Simbol yang dimaksud adalah objek sosial yang digunakan manusia untuk merepresentasikan sesuatu. Simbol dapat berupa benda fisik, tindakan fisik, maupun kata-kata. Pemaknaan simbol bukan berasal dari proses mental yang menyendiri, melainkan berasal dari interaksi. Jadi, perhatian bukan dipusatkan pada bagaimana proses mental mengartikan simbol, tapi bagaimana manusia mempelajari selama ada interaksi/selama proses sosialisasi.
Sosialisasi dalam teori ini bukan sekedar memberi informasi satu arah yang kemudian dapat berpengaruh pada tindakan para individu, melainkan lebih kepada merangsang kemampuan berpikir manusia untuk mengembangkan cara hidup mereka. Sosialisasi adalah proses dinamis di mana para individu menyesuaikan informasi dengan kebutuhan mereka.

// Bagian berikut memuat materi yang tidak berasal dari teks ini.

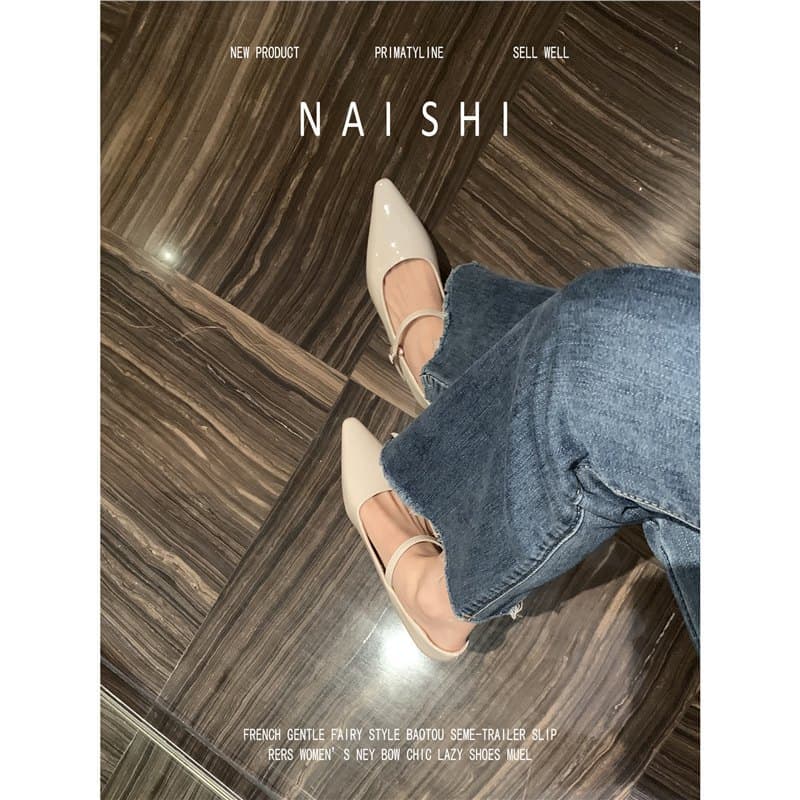 Lambskin version! French pointed-toe wedge Mary Jane shoes for women, perfect for pairing with skirts, exuding a sophisticated and professional vibe.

Dalam mempelajari sesuatu tersebut, manusia juga akan memperhatikan situasi nyata (pengalaman) yang dialaminya, yang bisa jadi terkait dengan infrastruktur yang secara eksternal mempengaruhi proses berpikirnya.

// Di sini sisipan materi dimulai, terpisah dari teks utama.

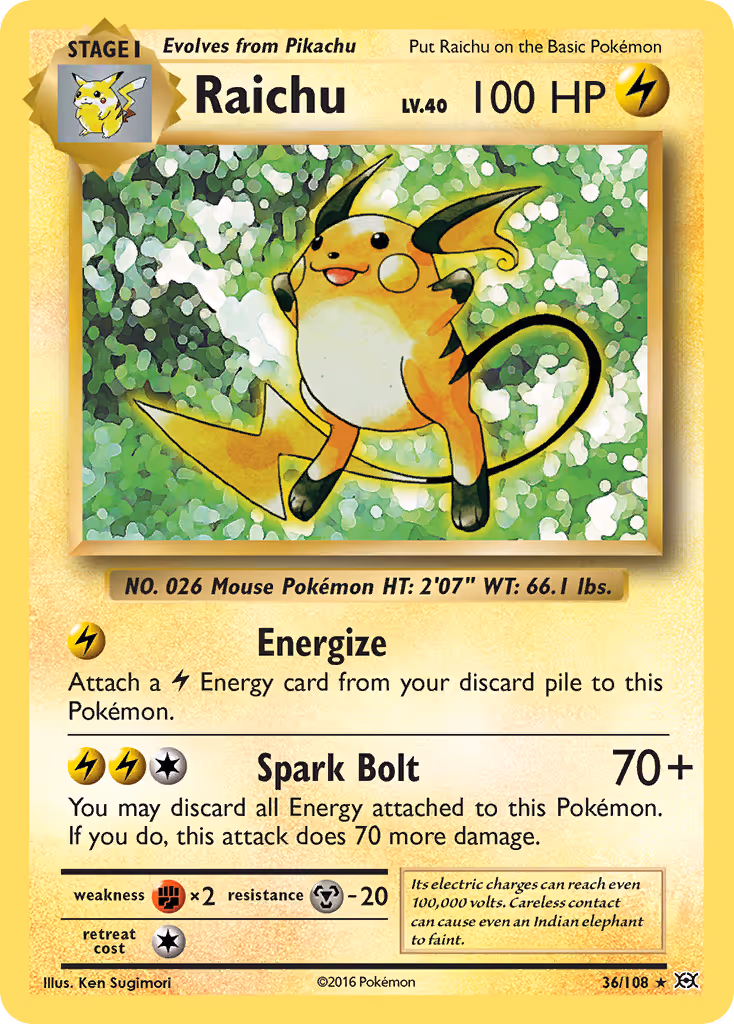 Raichu 36/108 Pokemon card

Selain itu, individu akan memiliki arti yang banyak dan berbeda akan adanya informasi yang datang kepadanya. Perlu ada definisi jelas terhadapnya yang kemudian disepakati bersama melalui proses interaksi.
Sebagai contoh di organisasi, profesionalitas sebagai nilai juga sebetulnya adalah simbol yang dapat dimaknai secara beragam oleh banyak individu. Mereka akan menangkap makna profesional melalui interaksi sosial, bukan pemaksaan definisi dan standar oleh suatu struktur tertentu.

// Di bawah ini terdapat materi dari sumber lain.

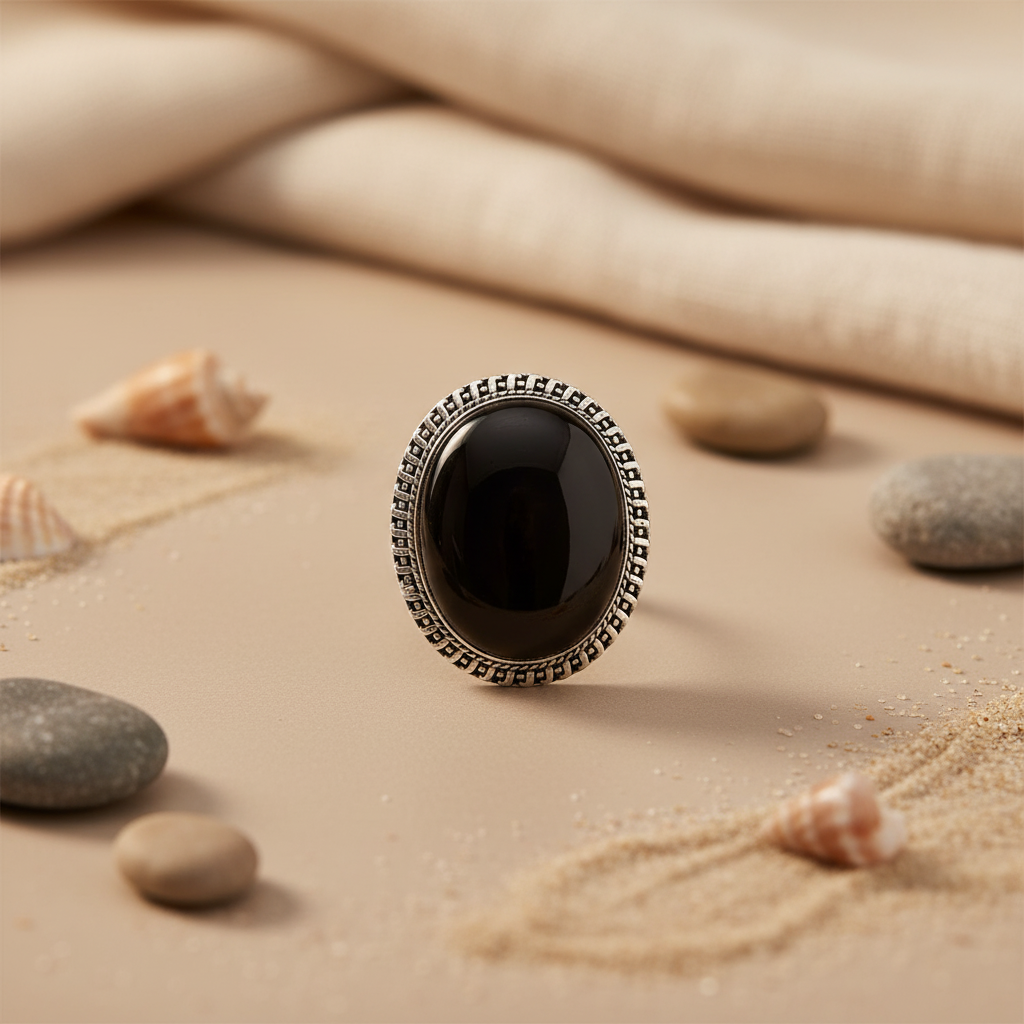 925 Silver Onyx Ring for Women | Statement Jewelry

Tangkapan makna ini dapat menemui kesepakatan melalui pemikiran mereka, komunikasi melalui bahasa dalam interaksi, yang kemudian menjelma menjadi tindakan kongkrit.
Apa yang dilakukan oleh organisasi melalui teori ini adalah menciptakan dan memelihara interaksi antarindividu dalam komunitas. Menstimuli para individu untuk berpikir dan berinteraksi menjadi hal yang lebih penting dibanding memaksakan nilai dan norma melalui ancaman dan labelisasi.
Dari pembahasan teori ini, budaya dapat diartikan sebagai proses interaksi dalam pemaknaan simbol yang secara aktif dicipta ulang dan kemudian mempengaruhi tindakannya. Salah satu konsep manajemen dalam pengembangan budaya organisasi yang menurut saya mengarah pada teori ini adalah konsep Organisasi Pembelajar (Learning Organization) yang dikembangkan oleh Peter Senge.
Kajian Budaya (Culture Studies)
Adapun Culture Studies, bukanlah suatu teori yang monolitik seperti dua teori di atas. Alih-alih berdiri sebagai sebuah teori, ia adalah sebuah pandangan/mahzab/aliran yang membentang yang tujuannya mengisi celah-celah pemahaman yang tidak terlihat oleh para pakar sosiologi atau budaya, termasuk pada dua teori sebelumnya.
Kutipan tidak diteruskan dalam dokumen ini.